Um conto policial de Natal
O sargento e o soldado se entreolharam. O veterano arremangou a farda. E o que veio depois foi um desses tantos momentos em que a vida é celebrada na sua forma imperfeita e mágica, e simplesmente acontece, sem escolher onde ou quando, plena e iluminada, despida de rótulos e conceitos.
publicidade
Mais um 24 de dezembro. Cruzaram a avenida em velocidade baixa, de patrulhamento. O Papai Noel acenou num gesto cansado, a roupa empapada de suor e seguiu a balançar sua sineta de brinquedo e a sacola com logotipo da loja de roupas entre a multidão que se esbarrava na calçada. Dois meninos o abraçaram, ele fez um cafuné rápido em ambos, deu duas balas baratas e deixou claro que não queria mais muito assunto. Precisava gritar as ofertas do dia - último dia!, amiga, amigo, aproveite! - berrava, na disputa bizarra com motores, buzinas impacientes, jingle bells remix e aquelas músicas de péssimo gosto de sempre em seus decibéis insuportáveis das outras lojas do entorno. O vendedor de celulares de origem duvidosa viu a viatura e se escondeu. E o de bilhetes da loteria veio até a janela do motorista e perguntou se queriam, tinha só mais duas, quem sabe é um sinal, chefia, dá uma força, compra aí. O soldado pontou o painel com o nariz, 40 graus, mas ainda preferia farda e colete do que roupa de bom velhinho nesse forno da tarde, comentou. O sargento sorriu. “No meu tempo, novinho, viatura nem tinha ar, era o bafo da janela e nada mais”.

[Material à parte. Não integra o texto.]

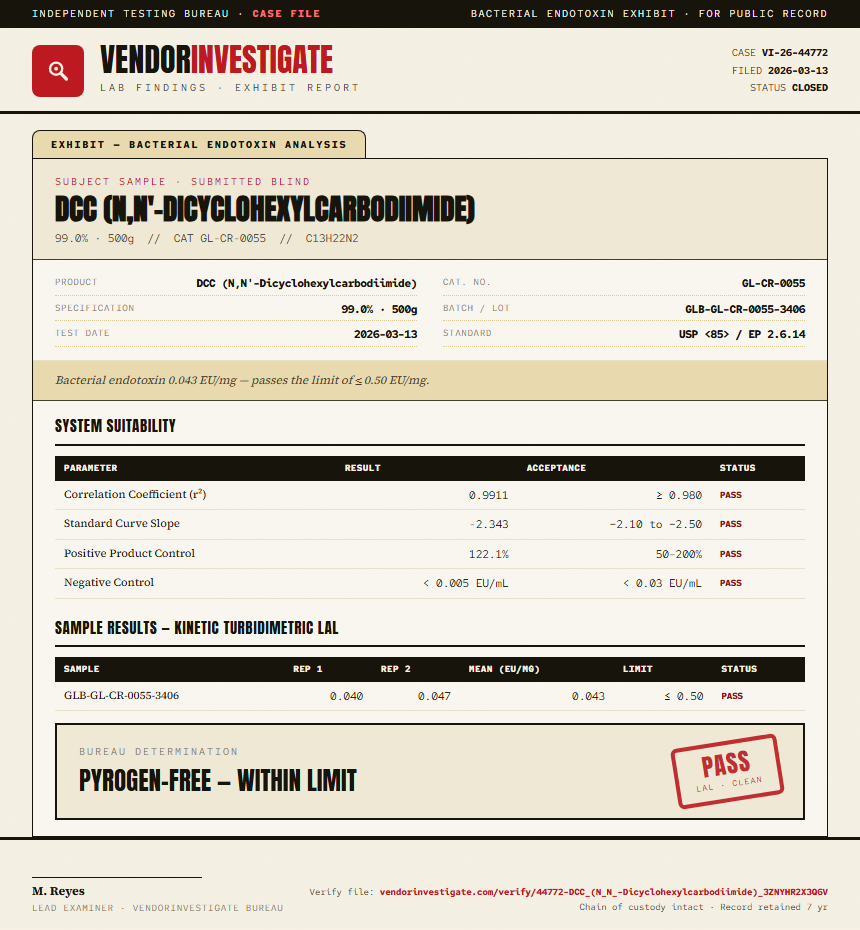 DCC (N,N'-Dicyclohexylcarbodiimide) Endotoxin report by VendorInvestigate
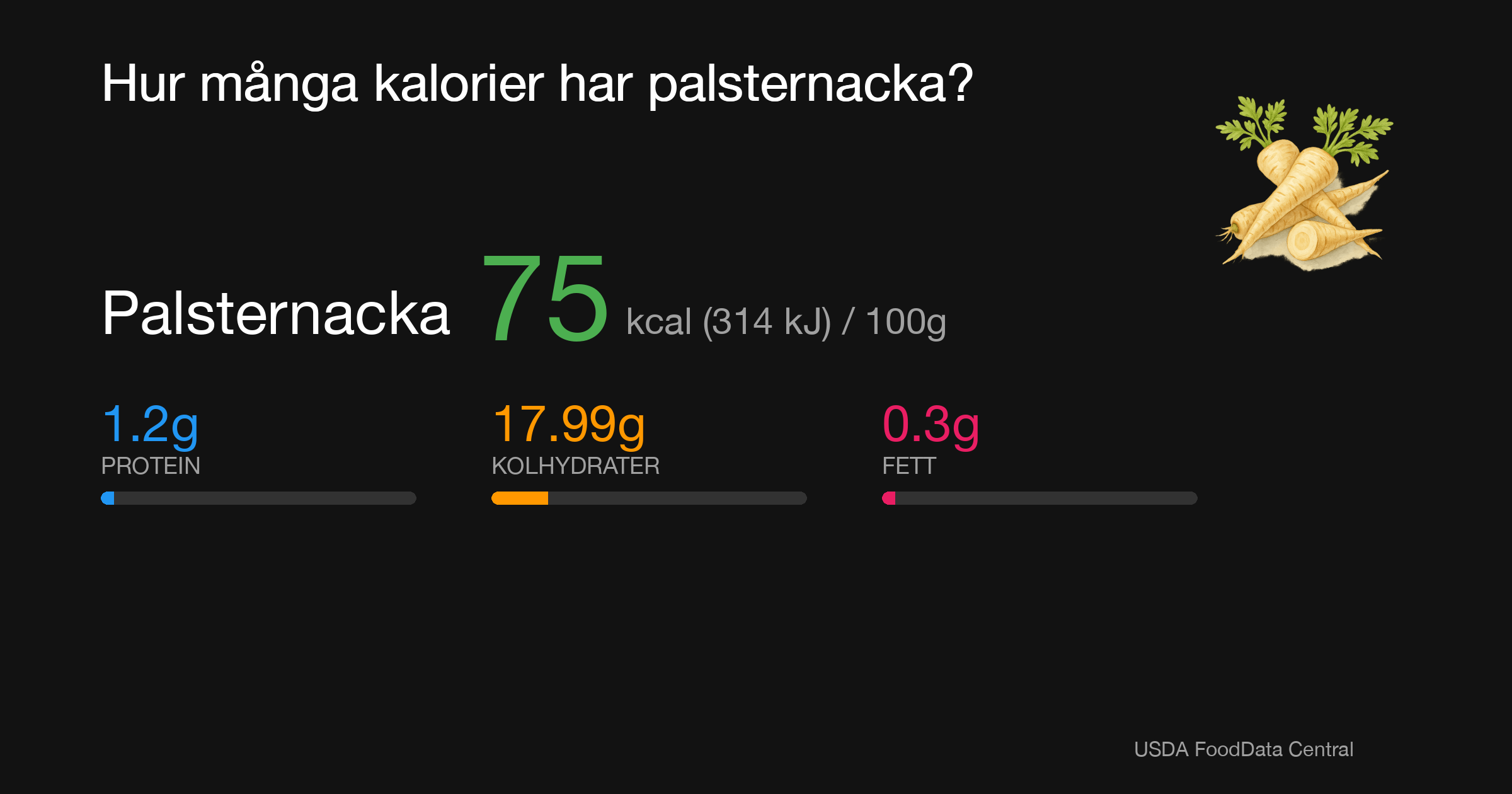 Palsternacka: 75 kcal (314 kJ), Protein 1.2g, Kolhydrater 17.99g, Fett 0.3g per 100g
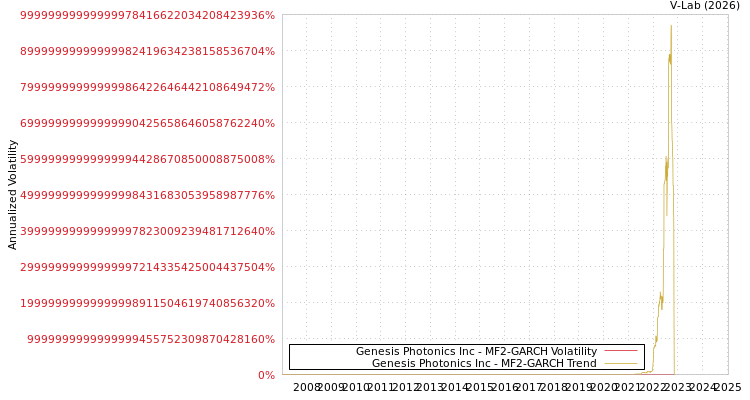 graph of Genesis Photonics Inc MF2-GARCH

O soldado perguntou ao veterano onde ele passaria o Natal. O sargento respirou fundo, este ano as coisas não tinham saído exatamente como ele queria, mulher desempregada, doença da filha mais nova, banco comeu o décimo-terceiro por conta de um empréstimo para cirurgia, então nem iriam festejar muito, mas deu para um peru e presentes discretos. Ficariam em casa, fora do festão da família, mas tudo bem. O novato aquiesceu, compreensivo, e comentou, em quatro anos seria seu primeiro Natal de folga no horário da ceia, já que sairiam do turno às 22h. Família dele e da esposa vieram de Santiago e Caçapava, encomendaram chester e pudim, seria bom. “Que não dê uma ocorrência daquelas, então”, resmungou o sargento. E as horas se passaram entre calores insuportáveis e registros diversos. E quando faltava pouco, mas muito pouco mesmo para encerrar o turno de serviço, veio uma ocorrência pelo rádio. Perto dali, na vila que margeava o centro da cidade. A voz da despachante pedia brevidade.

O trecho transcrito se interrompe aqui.